P-au-P., 23 nov. 05 [AlterPresse] --- Environ 20% de la production d’avocats en Haiti seraient exportés vers la République Dominicaine, selon l’agronome Gilles Damais de l’Institut de Recherches et d’Application des Méthodes de Développement (IRAM).

Cette estimation vient d’une étude de la filière d’exportation informelle d’avocats d’Haiti vers la République Dominicaine. La recherche a été conduite par l’IRAM entre mai et août 2005, dans le cadre du Laboratoire des relations haïtiano-dominicaines (LAREHDO).

Haiti produit par an cinquante mille tonnes d’avocats et, de cette production, dix mille tonnes seraient exportées vers la République voisine à travers le commerce transfrontalier informel, précise Gilles Damais.
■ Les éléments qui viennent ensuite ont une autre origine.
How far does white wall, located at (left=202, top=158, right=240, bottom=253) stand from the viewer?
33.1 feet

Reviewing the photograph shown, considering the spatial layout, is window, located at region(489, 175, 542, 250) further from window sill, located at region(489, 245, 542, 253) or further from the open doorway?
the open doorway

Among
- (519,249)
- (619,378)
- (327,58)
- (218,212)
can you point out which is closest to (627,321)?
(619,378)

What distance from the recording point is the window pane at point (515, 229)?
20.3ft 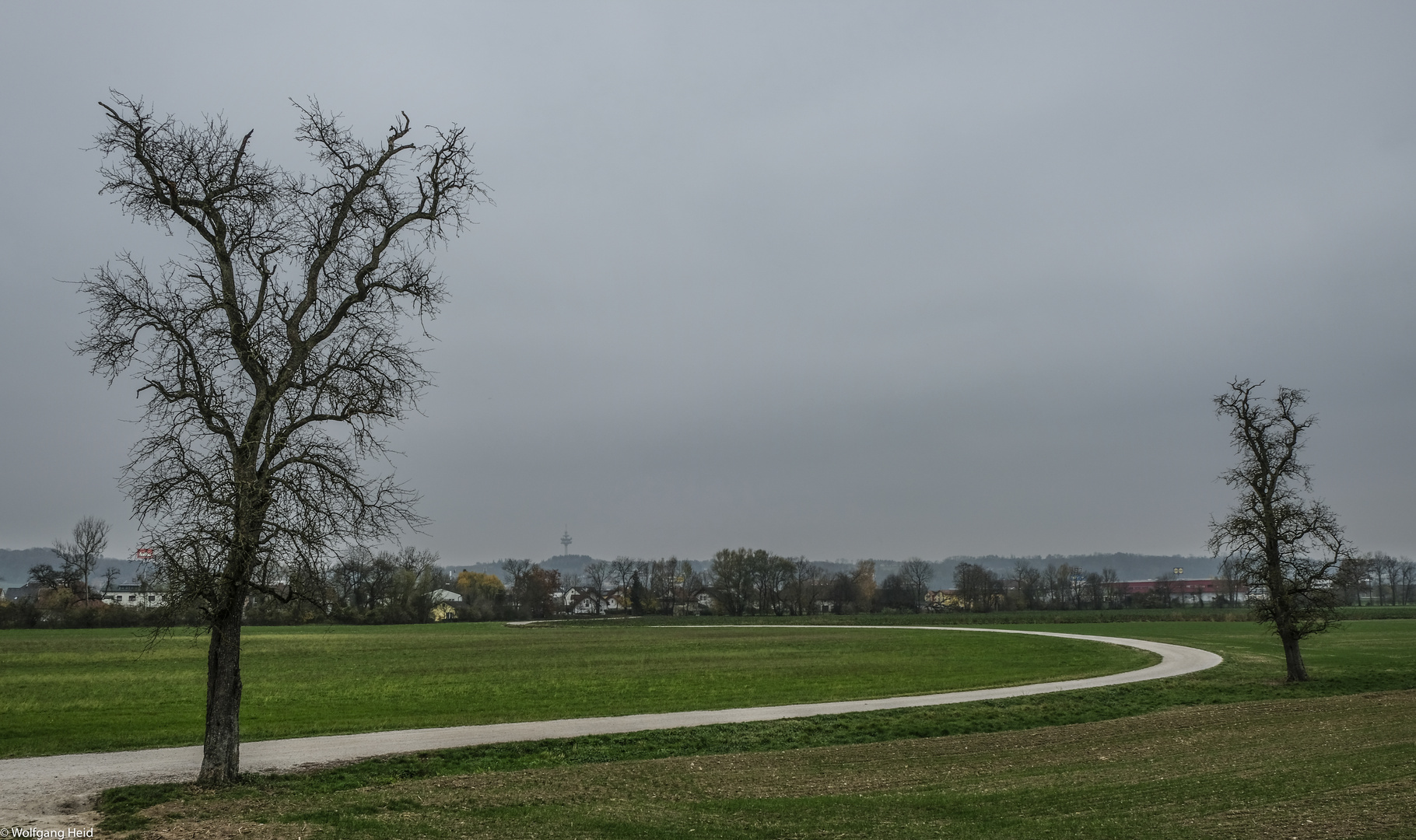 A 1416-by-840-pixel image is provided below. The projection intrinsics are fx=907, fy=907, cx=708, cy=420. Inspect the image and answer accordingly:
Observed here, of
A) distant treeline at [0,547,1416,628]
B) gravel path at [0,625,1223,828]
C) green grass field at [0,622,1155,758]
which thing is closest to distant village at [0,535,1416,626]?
distant treeline at [0,547,1416,628]

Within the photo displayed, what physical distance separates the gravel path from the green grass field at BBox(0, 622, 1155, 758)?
1408 mm

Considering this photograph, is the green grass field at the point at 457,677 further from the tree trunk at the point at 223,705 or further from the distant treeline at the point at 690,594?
the distant treeline at the point at 690,594

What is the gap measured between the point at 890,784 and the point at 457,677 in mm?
25745

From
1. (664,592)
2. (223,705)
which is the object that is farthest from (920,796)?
(664,592)

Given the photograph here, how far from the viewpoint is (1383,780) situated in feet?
48.5

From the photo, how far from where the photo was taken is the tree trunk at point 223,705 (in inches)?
618

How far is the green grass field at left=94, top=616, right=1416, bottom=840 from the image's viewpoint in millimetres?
13141

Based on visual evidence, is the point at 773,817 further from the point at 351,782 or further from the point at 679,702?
the point at 679,702

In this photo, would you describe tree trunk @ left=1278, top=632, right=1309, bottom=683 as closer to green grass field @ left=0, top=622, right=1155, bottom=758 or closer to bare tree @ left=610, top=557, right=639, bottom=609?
green grass field @ left=0, top=622, right=1155, bottom=758

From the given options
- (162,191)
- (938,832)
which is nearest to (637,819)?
(938,832)

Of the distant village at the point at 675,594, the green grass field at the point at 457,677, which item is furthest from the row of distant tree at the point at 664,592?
the green grass field at the point at 457,677

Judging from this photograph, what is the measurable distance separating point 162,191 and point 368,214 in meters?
3.73

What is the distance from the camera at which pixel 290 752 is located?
778 inches

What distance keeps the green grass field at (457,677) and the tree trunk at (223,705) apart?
7012 mm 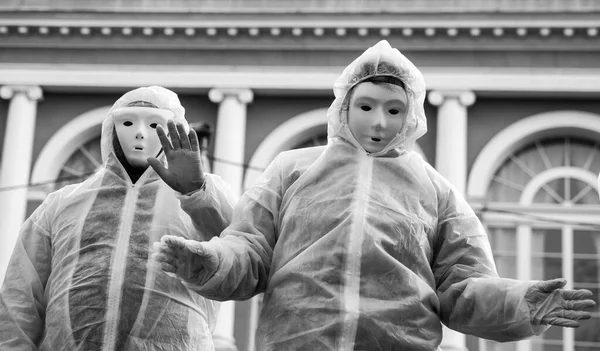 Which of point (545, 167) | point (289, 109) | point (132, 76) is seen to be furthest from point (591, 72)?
point (132, 76)

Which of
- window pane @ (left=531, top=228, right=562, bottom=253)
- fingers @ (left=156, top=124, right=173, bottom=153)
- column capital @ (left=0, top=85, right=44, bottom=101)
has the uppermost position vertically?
column capital @ (left=0, top=85, right=44, bottom=101)

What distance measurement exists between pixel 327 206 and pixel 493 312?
0.71 m

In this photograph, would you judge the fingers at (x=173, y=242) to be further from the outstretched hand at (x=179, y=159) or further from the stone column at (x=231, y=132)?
the stone column at (x=231, y=132)

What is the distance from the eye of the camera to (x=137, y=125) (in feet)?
17.7

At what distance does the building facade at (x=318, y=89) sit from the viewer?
16.5 metres

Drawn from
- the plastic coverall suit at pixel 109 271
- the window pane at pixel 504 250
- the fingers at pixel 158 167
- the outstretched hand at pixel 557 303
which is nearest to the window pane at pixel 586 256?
the window pane at pixel 504 250

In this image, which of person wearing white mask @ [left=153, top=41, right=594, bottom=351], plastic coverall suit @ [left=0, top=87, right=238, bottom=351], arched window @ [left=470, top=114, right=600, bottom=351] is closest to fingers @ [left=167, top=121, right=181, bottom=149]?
plastic coverall suit @ [left=0, top=87, right=238, bottom=351]

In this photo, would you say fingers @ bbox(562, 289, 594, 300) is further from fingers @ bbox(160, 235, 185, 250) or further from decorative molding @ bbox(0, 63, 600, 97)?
decorative molding @ bbox(0, 63, 600, 97)

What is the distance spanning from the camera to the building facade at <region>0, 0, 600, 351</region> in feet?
54.0

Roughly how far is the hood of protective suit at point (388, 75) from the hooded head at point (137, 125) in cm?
78

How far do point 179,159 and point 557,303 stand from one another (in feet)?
4.75

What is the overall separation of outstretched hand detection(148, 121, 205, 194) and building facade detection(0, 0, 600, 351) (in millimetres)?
11367

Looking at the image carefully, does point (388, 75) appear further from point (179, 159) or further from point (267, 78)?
point (267, 78)

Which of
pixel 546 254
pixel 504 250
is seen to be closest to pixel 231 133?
pixel 504 250
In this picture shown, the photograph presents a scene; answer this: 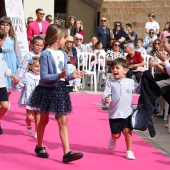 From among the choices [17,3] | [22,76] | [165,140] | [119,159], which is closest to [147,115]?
[119,159]

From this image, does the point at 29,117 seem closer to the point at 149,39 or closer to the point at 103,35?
the point at 103,35

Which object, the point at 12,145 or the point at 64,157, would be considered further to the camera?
the point at 12,145

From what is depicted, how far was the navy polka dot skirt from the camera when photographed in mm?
6555

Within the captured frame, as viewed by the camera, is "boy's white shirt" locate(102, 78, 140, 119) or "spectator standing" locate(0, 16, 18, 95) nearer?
"boy's white shirt" locate(102, 78, 140, 119)

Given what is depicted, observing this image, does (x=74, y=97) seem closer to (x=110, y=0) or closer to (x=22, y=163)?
(x=22, y=163)

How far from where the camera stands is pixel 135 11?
23.9m

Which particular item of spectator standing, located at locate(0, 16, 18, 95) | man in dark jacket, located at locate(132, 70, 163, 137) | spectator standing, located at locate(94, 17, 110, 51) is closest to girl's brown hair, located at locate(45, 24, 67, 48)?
man in dark jacket, located at locate(132, 70, 163, 137)

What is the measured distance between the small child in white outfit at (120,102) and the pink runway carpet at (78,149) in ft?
0.99

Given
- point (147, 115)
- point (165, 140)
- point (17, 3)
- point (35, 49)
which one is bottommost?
point (165, 140)

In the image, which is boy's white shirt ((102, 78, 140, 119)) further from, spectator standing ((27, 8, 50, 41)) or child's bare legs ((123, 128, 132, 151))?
spectator standing ((27, 8, 50, 41))

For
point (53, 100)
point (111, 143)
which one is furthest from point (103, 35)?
point (53, 100)

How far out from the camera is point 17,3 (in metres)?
15.9

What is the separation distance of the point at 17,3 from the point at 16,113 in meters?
6.01

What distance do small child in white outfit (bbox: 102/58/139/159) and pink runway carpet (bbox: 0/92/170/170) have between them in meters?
0.30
« Nos estimations actuelles des quantités exportées sont de l’ordre de dix mille pour l’ensemble de la région frontalière, soit une multiplication par deux ou trois des volumes en l’espace de 4 ans », explique-t-il.

Damais déclare que la valeur de ces exportations s’établirait entre 1.5 et 2 millions dollars US pour la saison 2004-2005. Ces chiffres placentl’avocat parmi les produits d’exportation agricoles importants dans le contexte haïtien.

Le commerce transfrontalier de l’avocat aurait démarré dans les zones de la Forêt des Pins et de Baptiste (Est) dès le début des années 1990, souligne-t-il.

Gilles Damais signale aussi que ce volume d’exportation informelle d’avocats dépasse celui des mangues exportées vers les Etats-Unis par le secteur formel.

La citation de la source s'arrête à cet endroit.